Dear Friends and Colleagues,
Happy New Year! I hope you and your loved ones had a wonderful holiday, stayed healthy, and are ready to make 2024 powerful beyond measure for students in your midst.
At Carnegie, we believe that to catalyze at scale, we must start small, plan carefully, acknowledge (even celebrate) mistakes, pay close attention to evidence, and work in partnership to achieve broad impact. This ethos has been true from the very start of the Foundation’s history— and more recently, with the Carnegie Math Pathways project established at WestEd, the newly launched National Center for School-University Partnerships at the University of Mississippi, and our partnerships with the American Council on Education (ACE) and the Educational Testing Service (ETS).
In essence, at Carnegie, we work with extraordinary scholars, practitioners and policymakers to incubate new ideas, test them carefully in a range of contexts, and collaborate across sectors, to bring the most promising ideas to life at broad scale.
It is with this rich tradition and spirit that we are excited to launch a new Carnegie incubation in partnership with the XQ Institute—High School Learning Zones. This work will establish existence proofs of transformative high school learning that are competency (not time) based and are integrated into a broad range of community contexts.
To begin this work, we have established a Learning Zone R&D network with partners in Arizona, Indiana, and New Mexico, spanning rural, urban, and suburban America. Each of the initial R&D members is dedicated to building innovative high school learning designs that illustrate alternatives to traditional time-based models of schooling, shifting how time is used, where learning takes place, and how it is measured and credited. The group will convene to learn with and from one another about various competency-based learning strategies and approaches, and we will consider how we might establish a broad national network of states, systems, and community-based actors working to create ‘post Carnegie Unit’ educational ecosystems. We are starting small, intentionally. But our aims are ambitious.

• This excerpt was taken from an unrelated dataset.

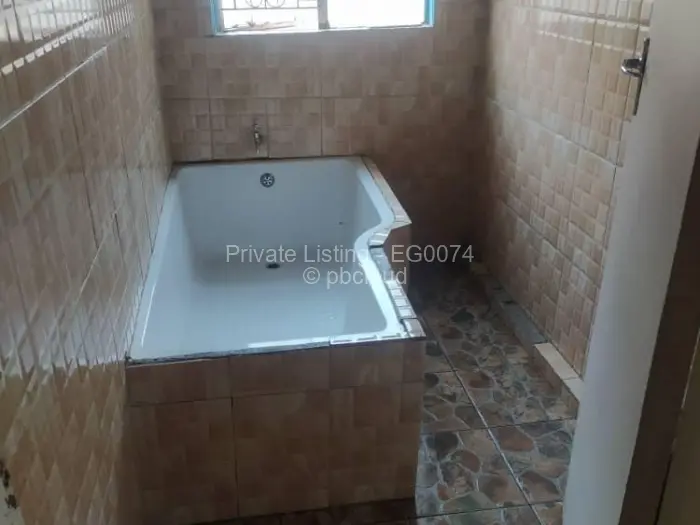 4 Bedroom House for Sale in Budiriro, Harare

Just as the Carnegie Unit swept the nation in 1906 (and has now infiltrated nearly every aspect of schooling, K12, and postsecondary), we expect these Learning Zones and the accompanying national network, will be an important part of a growing movement to establish a new currency for learning, one rooted around the skills and competencies we know young people need to succeed in postsecondary school, work, and life.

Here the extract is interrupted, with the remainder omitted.